Conferencia; ICGEB Workshop on autophagy 2017; 2017

Sec23B is a component of the Coat Protein Complex II (COPII), which has recently been shown to provide a membrane source for the LC3 lipidation step of autophagosome biogenesis. However, the molecular mechanisms regulating COPII components in respect to autophagy are not well understood. Here, we show that the F-box protein FBXW5 targets Sec23B for proteosomal degradation and that this event limits the autophagic flux under unstressed conditions.

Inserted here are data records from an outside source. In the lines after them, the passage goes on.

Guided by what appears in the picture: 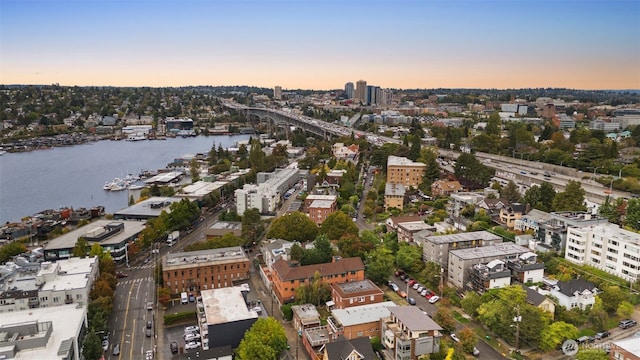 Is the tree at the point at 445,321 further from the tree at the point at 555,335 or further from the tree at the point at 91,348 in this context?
the tree at the point at 91,348

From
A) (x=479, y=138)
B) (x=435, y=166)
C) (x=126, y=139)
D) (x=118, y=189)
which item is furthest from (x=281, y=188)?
(x=126, y=139)

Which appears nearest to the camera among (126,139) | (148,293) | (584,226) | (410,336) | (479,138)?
(410,336)

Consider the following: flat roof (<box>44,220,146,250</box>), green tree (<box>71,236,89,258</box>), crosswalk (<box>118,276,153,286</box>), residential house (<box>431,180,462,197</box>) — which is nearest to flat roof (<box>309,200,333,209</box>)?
residential house (<box>431,180,462,197</box>)

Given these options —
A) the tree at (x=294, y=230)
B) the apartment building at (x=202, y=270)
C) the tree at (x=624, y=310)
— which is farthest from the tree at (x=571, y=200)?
the apartment building at (x=202, y=270)

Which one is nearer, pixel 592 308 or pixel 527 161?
pixel 592 308

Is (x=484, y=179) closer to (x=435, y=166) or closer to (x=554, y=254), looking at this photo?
(x=435, y=166)

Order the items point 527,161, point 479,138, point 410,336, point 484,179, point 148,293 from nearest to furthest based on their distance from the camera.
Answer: point 410,336, point 148,293, point 484,179, point 527,161, point 479,138

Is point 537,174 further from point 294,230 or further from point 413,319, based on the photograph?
point 413,319

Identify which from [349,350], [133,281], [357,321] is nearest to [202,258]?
[133,281] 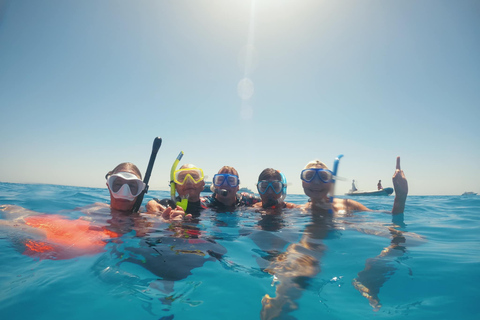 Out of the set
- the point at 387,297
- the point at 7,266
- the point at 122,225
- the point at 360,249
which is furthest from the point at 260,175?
the point at 7,266

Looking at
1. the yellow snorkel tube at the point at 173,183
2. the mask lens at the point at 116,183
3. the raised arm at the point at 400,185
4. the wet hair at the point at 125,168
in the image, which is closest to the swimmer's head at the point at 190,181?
the yellow snorkel tube at the point at 173,183

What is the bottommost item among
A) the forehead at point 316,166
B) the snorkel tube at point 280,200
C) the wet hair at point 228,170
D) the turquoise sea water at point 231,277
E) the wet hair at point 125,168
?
the turquoise sea water at point 231,277

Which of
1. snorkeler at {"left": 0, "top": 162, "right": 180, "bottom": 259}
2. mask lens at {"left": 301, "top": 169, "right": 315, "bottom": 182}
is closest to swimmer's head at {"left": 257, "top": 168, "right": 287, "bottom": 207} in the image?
mask lens at {"left": 301, "top": 169, "right": 315, "bottom": 182}

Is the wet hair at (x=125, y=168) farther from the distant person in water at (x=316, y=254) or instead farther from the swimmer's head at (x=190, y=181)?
the distant person in water at (x=316, y=254)

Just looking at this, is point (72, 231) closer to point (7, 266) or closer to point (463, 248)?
point (7, 266)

In response to nutrient starvation, ULK1-mediated phosphorylation of Sec23B on Serine 186 prevents the interaction of Sec23B with FBXW5 and its consequent degradation while preserving its ability to associates with other COPII components. Moreover, the fraction of Sec23B that is phosphorylated and stabilized associates with Sec24A and Sec24B, but not Sec24C and Sec24D, consistent with the observation that Sec24A and Sec24B play a specific role in the regulation of the autophagic flux. In summary, we identified a biochemical pathway that controls the abundance of Sec23B to keep autophagy in check in basal conditions and ensure efficient execution of the autophagic cascade in response to nutrient starvation.